I love music. I grew up as a musician and continue to sing as much as I can, though it is harder and harder to find places to do so. My mother is a composer, and she immersed all of us in music from an early age- piano, guitar, harp, violin, flute, voice lessons, choirs, ensembles, casts in musicals- she pressed music into us… hard.

My church growing up loved music too. At least hymns. This was back when they had Sunday night worship as well as Sunday morning. So after a whole morning at church, we would have a few hours to finish homework and eat soup for dinner before heading back to church. I usually did not like going to the Sunday evening service, except once a month they would have a hymn sing instead of a sermon. This I liked. We would get to call out our favorite hymns and I would always try to pick “Wonderful Grace of Jesus” because I liked to hit the high notes: “Oh magnify the pre-cious name of Jeeee-sus, PRAAAAISE (usually a high G) his naaaame!” It was great fun for me, and it meant not having to listen to someone talk for 30 minutes. (Little did I know God would end up calling me to be one of those people who preaches now. He’s got a weird sense of humor.)

Inevitably, for a young girl, the hymn sings would lose their glamour. And as I became a pre-teen, I would find myself bored by singing in church. That’s when my mother intervened. On a rare day when she wasn’t eyeing us with a stern look from the choir loft as we four children sat alone wiggling our way through the church service, she stood next to me as we sang that Sunday morning. I always loved listening to my mother sing. From as young as I can remember her voice mesmerized me. Some of my favorite memories are of lying in bed with the lights out, drifting to sleep to the sound of her voice and the piano as she wrote another piece of music.

Normally, as a pre-teen girl, I would rather be dead than sitting next to my mother in worship, but if it meant hearing her alto voice on the harmony and trying with all my might to match her tone with my soprano, I was willing to make a sacrifice of my ego for that hour. But despite my love of her voice, I was going through a hymns-are-boring-and-I-hate-them-with-the-fires-of-a-thousand-hells phase. (Did I mention pre-teen girls are quite dramatic at times?) I complained to her as I dragged my body to stand up, “These hymns are so boring!”

My mother turned and looked at me, and rather than the expected scolding, she said, “That’s ok. Sometimes they are. Maybe that’s the time you start listening to the words. You don’t have to sing, just listen to the words.” So I did. And it transformed my worship experience. I found myself wondering what “wert” was in Holy, Holy, Holy. I had to look up the meaning of “here I raise an Ebenezer, daily by thy help I’m come.” I worked hard to translate the strange grammar and words and rhyme to understand what the hymns were saying. Without knowing it, my mother had turned me into a theologian at a young age.
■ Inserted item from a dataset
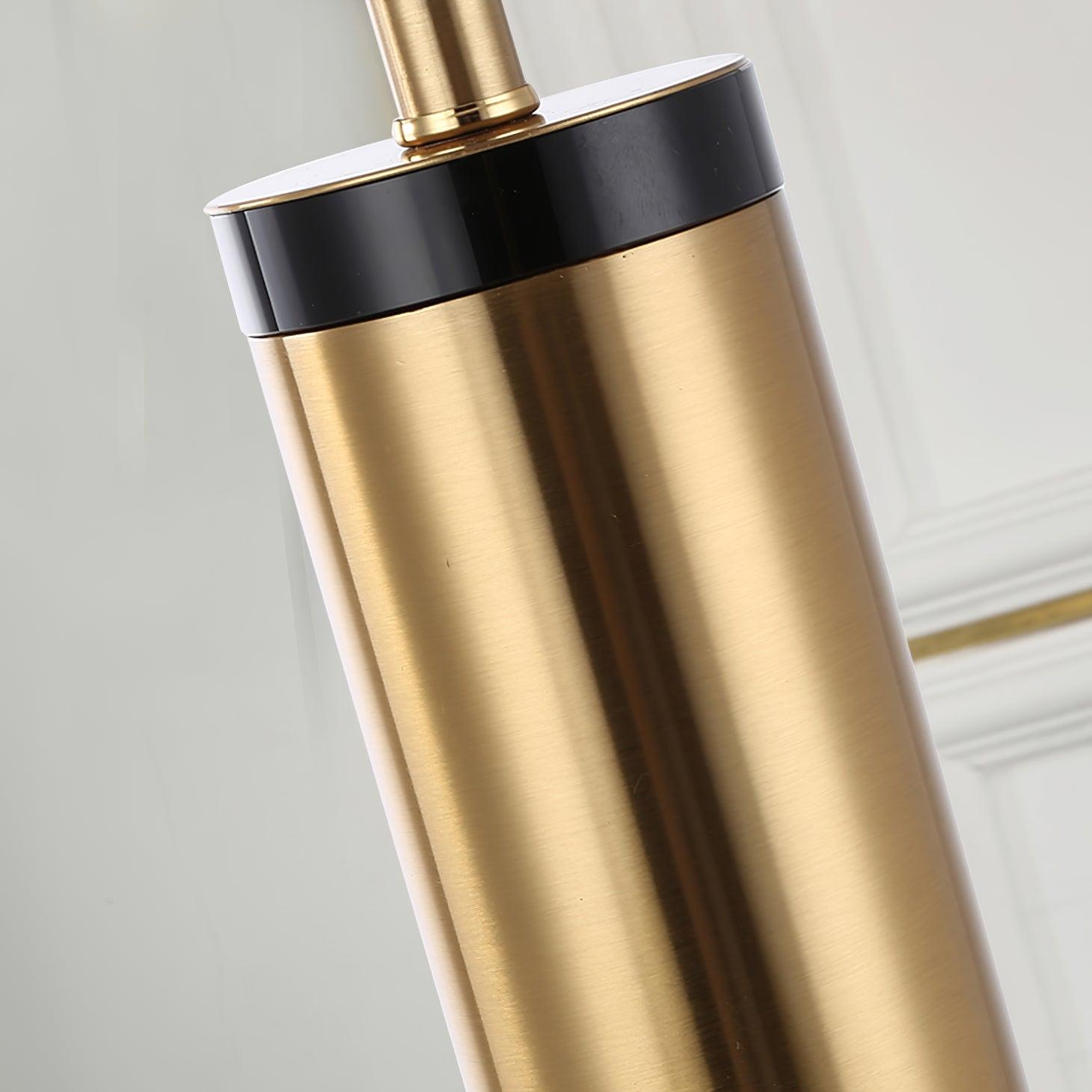 Dirvano Table Lamp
This appreciation for hymns then expanded into other forms of sacred worship. Eventually, I went on to seminary and studied under professors who also saw the theology of music and worship, and who helped me articulate the narrative of God’s work in songs. Those same professors gave me tools to use as a pastor to evaluate music in all its various forms in order to understand what I was causing others to sing- to profess or confess in song- and how to, as a pastor, offer music responsibly to my congregation.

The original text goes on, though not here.